Voilà vingt ans que le mur est tombé. J'ai vécu à Berlin de 1999 à 2001. Depuis, j'y suis repassé en 02, 03, 05, 06, et 09 pour des séjours relativement courts. J'ai vu la ville se moderniser, changer de statut et de visage au cours de ces années. J'ai assisté au démenagement du gouvernement de Bonn à Berlin, à l'achèvement du Bundestag, à l'inauguration de la Chancellerie. J'ai vu les travaux de construction du Lehrter Stadtbahnhof, devenu aujourd'hui la gare ferrovière centrale de Berlin, un centre commercial ultra-moderne et une immense bâtisse à six niveaux sous terre où les trains et métros se croisent comme dans un conte de fées. La roue de l'heure tourne au rythme d'une ponctualité mécanique typiquement germanique: un tableau affiche avec précision dans combien de minutes votre bus ou votre train arrive. L'ordre, le respect de la loi, c'est l'obsession dans cette mégapole au destin unique. Cette rigueur, aussi efficace soit-elle, est aussi le tendon d'Achile de ce glorieux peuple. J'ai vu tout cela.
J'ai aussi vu le plus important, l'homme: le Berlinois. Je ne répéterai pas comme Kennedy: Ich bin ein Berliner. Dans mon vocabulaire, le Berliner c'est d'abord le Kindl. Revenons à l'homme. Le Berlinois est différent, selon qu'il est de l'Est ou de l'Ouest. La division, invisible à l'extérieur, est restée dans le coeur, bien qu'il y ait aujourd'hui une chancellière originaire de l'Est. Il y a certes une réunification politique, mais l'homme vit, de l'intérieur, les conséquences sociales, morales et psychologiques de cet événement historique.
Dernièrement, j'ai vécu de mai à juillet 09 à Friedrichshain, dans l'est. J'ai été impressionné par le nombre incroyable des jeunes consommant l'alcool, et fort probablement des drogues légères et dures (?), comme je n'en avais jamais été le témoin auparavant. Récession économique, me disait-on du bout des lèvres. Tous les weekends, la station de métro Warschauer Strasse était à toute heure le théâtre d'une affluence innombrable de jeunes venus de tous les coins d'Europe, toutes couleurs de peau et langues comprises. Tout s'y donnait rendez-vous dans ce sanctuaire de la vie nocturne. Une bombe à retardement car, au vu de ce spectacle, il ne serait pas erroné de dire que la société allemande est au bord de l'implosion sociale.

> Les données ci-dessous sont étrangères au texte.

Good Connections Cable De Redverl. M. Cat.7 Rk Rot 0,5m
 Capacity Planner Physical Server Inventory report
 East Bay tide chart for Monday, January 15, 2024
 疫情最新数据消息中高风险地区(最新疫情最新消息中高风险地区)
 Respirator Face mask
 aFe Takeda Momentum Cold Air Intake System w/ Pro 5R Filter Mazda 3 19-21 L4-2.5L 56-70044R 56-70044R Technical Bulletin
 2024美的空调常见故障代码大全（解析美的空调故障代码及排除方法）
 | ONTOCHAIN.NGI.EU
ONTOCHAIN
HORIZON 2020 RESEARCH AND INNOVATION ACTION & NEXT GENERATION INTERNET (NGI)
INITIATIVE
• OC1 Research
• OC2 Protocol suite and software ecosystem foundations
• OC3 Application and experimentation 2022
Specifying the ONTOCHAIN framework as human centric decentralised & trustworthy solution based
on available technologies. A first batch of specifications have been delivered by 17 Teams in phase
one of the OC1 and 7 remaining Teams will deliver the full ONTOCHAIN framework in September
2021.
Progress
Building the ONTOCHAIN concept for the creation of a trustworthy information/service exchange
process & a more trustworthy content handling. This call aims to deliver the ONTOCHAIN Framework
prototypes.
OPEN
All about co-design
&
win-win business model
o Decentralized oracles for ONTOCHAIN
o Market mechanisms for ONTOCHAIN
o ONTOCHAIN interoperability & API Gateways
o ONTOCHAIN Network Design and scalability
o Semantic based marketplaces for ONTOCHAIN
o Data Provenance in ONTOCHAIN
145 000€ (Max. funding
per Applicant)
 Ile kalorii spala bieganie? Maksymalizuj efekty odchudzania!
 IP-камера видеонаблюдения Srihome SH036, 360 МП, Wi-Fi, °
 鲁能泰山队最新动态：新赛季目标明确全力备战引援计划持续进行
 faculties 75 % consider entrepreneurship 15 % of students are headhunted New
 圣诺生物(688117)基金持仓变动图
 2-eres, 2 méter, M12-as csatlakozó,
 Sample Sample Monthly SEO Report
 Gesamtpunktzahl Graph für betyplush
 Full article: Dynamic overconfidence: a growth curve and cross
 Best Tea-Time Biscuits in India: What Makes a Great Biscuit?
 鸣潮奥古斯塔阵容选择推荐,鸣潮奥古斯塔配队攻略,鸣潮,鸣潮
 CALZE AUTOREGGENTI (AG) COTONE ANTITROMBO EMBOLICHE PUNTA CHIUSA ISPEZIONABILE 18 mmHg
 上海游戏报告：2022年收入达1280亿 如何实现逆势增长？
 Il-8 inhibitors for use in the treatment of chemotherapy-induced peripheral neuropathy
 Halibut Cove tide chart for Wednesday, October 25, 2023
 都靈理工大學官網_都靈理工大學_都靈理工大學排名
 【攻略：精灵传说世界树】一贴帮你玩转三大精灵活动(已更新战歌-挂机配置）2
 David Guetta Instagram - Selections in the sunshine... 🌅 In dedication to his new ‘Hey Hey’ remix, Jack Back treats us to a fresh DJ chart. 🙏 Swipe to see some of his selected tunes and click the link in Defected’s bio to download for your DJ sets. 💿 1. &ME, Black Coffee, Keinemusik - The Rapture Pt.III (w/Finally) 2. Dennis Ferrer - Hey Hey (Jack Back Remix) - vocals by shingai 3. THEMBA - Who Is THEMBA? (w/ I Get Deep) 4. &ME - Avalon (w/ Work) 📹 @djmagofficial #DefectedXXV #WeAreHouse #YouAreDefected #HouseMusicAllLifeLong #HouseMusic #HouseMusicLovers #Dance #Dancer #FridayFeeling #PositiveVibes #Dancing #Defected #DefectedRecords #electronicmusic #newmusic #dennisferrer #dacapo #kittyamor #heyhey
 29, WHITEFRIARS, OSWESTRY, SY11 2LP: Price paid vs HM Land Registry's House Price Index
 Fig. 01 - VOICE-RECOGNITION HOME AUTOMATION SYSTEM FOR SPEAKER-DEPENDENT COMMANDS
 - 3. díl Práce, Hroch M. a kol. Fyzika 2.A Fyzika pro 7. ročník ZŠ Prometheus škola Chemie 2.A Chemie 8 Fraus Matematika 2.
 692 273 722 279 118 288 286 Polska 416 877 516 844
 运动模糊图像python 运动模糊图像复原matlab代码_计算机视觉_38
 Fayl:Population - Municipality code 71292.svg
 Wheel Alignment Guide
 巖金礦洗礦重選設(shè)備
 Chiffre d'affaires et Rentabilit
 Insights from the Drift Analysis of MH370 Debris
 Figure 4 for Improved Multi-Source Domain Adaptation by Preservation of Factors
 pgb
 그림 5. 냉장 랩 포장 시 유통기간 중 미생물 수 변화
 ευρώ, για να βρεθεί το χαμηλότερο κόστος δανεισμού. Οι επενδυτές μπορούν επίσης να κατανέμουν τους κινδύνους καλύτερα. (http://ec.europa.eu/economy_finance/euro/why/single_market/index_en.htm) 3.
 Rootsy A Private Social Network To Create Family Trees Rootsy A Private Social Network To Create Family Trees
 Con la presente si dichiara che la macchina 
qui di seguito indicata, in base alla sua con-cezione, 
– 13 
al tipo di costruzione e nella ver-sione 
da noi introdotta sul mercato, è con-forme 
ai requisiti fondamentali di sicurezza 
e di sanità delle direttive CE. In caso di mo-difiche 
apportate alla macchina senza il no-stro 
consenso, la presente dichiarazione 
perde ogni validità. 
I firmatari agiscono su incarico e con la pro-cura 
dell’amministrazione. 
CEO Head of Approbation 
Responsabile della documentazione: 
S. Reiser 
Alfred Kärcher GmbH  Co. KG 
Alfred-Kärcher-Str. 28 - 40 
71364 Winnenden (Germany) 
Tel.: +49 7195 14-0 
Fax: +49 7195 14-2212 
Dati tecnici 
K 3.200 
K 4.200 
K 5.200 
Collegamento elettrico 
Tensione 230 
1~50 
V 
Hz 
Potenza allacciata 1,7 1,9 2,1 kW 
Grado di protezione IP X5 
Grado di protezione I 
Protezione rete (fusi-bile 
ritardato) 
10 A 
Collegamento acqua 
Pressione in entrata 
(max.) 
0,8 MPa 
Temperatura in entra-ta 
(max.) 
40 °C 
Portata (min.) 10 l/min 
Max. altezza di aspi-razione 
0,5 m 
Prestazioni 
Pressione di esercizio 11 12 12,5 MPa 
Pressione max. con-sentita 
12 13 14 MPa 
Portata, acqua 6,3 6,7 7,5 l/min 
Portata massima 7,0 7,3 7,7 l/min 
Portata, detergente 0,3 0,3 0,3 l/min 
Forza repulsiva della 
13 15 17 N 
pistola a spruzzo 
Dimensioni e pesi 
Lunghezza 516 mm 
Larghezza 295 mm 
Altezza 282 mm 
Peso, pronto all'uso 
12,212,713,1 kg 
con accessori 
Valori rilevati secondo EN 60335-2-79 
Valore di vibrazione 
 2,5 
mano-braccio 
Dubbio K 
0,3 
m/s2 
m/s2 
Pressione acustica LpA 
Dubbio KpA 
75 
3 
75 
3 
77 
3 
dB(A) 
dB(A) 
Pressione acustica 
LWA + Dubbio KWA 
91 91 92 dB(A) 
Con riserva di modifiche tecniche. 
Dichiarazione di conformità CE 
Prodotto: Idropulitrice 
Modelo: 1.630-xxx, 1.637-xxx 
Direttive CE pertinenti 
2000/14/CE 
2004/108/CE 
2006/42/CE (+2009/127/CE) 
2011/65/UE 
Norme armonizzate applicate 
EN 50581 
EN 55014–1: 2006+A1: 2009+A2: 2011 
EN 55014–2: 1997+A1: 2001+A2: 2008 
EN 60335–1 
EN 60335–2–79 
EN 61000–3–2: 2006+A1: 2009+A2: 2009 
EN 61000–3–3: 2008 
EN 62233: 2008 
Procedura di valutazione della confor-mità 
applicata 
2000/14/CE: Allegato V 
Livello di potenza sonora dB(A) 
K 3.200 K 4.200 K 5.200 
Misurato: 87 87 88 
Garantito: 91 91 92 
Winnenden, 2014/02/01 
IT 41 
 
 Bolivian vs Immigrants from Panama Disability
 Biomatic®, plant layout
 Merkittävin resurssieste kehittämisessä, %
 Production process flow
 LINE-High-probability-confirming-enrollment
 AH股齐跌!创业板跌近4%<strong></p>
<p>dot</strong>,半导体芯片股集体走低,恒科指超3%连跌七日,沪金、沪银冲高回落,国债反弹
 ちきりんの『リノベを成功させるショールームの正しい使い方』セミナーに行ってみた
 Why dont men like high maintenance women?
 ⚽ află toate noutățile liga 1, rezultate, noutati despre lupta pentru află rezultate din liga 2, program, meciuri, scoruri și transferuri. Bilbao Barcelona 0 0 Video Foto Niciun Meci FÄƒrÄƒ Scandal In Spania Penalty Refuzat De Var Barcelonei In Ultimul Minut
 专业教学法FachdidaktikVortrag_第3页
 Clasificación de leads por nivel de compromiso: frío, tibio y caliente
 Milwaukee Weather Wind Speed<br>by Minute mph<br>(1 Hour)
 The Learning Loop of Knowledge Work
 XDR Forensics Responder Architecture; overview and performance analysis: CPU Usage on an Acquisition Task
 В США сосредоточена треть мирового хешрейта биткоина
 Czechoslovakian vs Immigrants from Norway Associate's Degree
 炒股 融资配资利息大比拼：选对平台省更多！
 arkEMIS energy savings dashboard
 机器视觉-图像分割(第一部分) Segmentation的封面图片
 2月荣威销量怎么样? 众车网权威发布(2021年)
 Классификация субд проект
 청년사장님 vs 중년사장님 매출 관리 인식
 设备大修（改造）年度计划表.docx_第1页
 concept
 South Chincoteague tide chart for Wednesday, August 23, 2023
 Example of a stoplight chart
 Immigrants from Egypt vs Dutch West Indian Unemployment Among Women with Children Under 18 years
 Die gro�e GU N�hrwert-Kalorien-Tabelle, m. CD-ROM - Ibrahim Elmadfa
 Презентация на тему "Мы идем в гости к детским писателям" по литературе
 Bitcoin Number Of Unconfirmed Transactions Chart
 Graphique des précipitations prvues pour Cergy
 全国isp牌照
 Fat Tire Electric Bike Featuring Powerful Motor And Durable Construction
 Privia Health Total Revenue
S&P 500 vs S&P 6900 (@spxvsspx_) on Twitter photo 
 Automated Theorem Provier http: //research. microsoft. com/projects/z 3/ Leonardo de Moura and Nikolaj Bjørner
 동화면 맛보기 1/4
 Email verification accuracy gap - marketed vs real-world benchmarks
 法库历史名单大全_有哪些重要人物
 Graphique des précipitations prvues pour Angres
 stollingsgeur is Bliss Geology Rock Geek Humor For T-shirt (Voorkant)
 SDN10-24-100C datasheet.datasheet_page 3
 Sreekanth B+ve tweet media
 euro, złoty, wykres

La pauvreté des personnes âgées frappe également l'Allemagne comme jamais auparavant. A l'aéroport de Schönefeld, j'ai vu deux messieurs fouiller les poubelles et y récupérer des bouteilles vides et de la nourriture. En plus, le nombre des mendiants qui sillonnent les S-Bahn, quemandant verbalement de l'argent ou vendant des journaux pour SDF, est impressionnant. Conséquences du chômage dicté par les suppressions massives d'emploi dans les entreprises et certains secteurs de l'état. Le désespoir peut se lire sur certains visages.
Ce que j'ai vu, me laisse jusqu'à ce jour perplexe quant à l'avenir de la jeunesse de ce pays. On me dira qu'au Congo, c'est encore pire. Je ne suis pas un donneur de leçons, même si toute ma vie, j'ai eu à enseigner... à former. Le système capitaliste a touché le fond de la décrépitude. Aux génies, et il y en a par centaines, de relever le défi. Quoi que l'on dise, Berlin, haut lieu du colonialisme où le gâteau africain fut partagé entre les prédateurs européens, ville verte et écologique aux lacs et parcs magnifiques, a encore de beaux jours devant elle. L'histoire en témoigne.